The vendors paid the municipality between Rs 10,000 and 20,000 for mall space but despite the mall opening in 2014, have not received possession certificates from the civic body to move in.

This time many of the 200-odd shopkeepers had initially refused to submit their papers a second time. “Before every election, these politicians promise to let us move into the mall and then forget about us after winning,” said vegetable-seller Basanti Rajbanshi.

Fishmonger Alauddin Molla talks of the inhumane working conditions in their makeshift market. “We do not have electricity so I cannot sell after dark. Our tinned roof flies or falls off every time there is a storm; we are asked to share with slum-dwellers a toilet that is so dirty that we have stopped using it,” he says.

Another fishmonger Basu Das says business is down ever since new hawkers have set up shop outside the temporary market. “If we sit in a clean, hygienic mall I’m hoping customers will prefer us. But I have no faith in politicians any more. We have been shoved around for way too long,” says the vendor who is in the business since 1981. “I won’t believe their promises till I move into the mall and start selling from there.”

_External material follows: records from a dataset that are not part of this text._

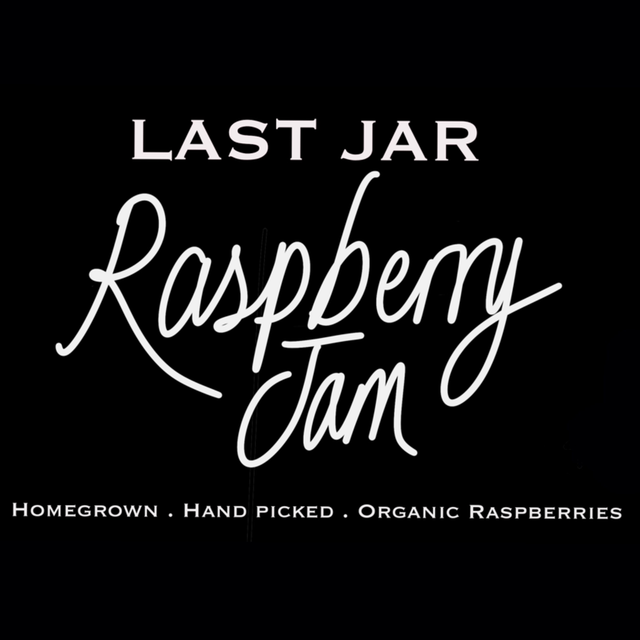 Raspberry Jam 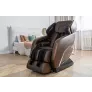 Массажное кресло Ergonova Organic 4 PM Espresso Brown - Фото 2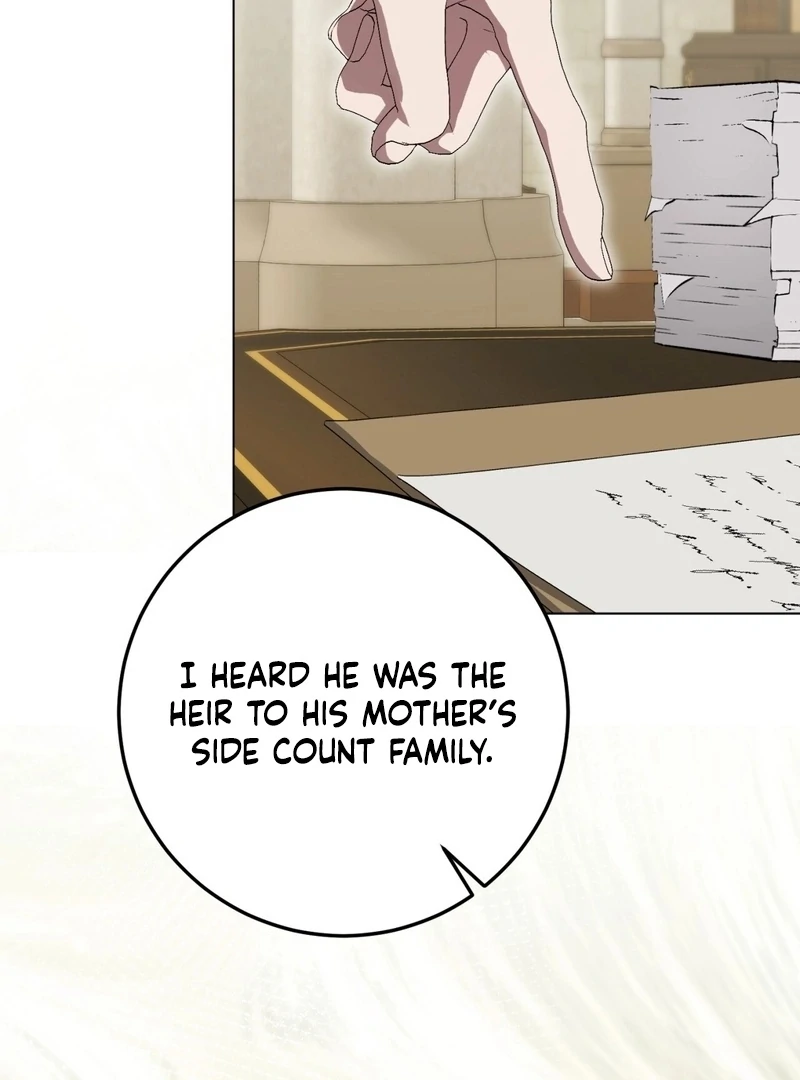 Chapter 9 - Image 67
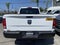 2015 RAM 1500 Tradesman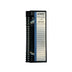 GE IC660BBD023 - DDPARTS SOLUTION
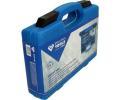 KS Tools Sada n��ad� pro demont�, Common-Rail-Injektor KST BT551180, BT551180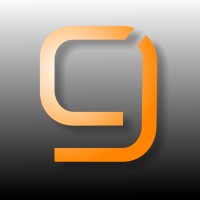 Comgate Connect AB logo - Similar company to Anva Titech System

A civic official looking into the matter said the process had been restarted. “The previous verification had been done by the municipality. Since the system is now under the corporation we had to repeat the process to update it. But no comments can be made on the next step,” he said.

Dey, the secretary of the market, said they are on the verge of moving court. “We have suffered enough and are holding back only because of Sujitda’s assurances. Held-up work across the state is getting cleared now because of the impending elections and if we are ignored we shall take the legal course.”

Shoppers too are fed up of visiting the dilapidated market. “Most shops shut down after 8pm as the generators stop working. And fish and meat shops don’t even try to stay open after noon as they never receive enough light to cut and chop safely,” said a resident of Baisakhi Abasan.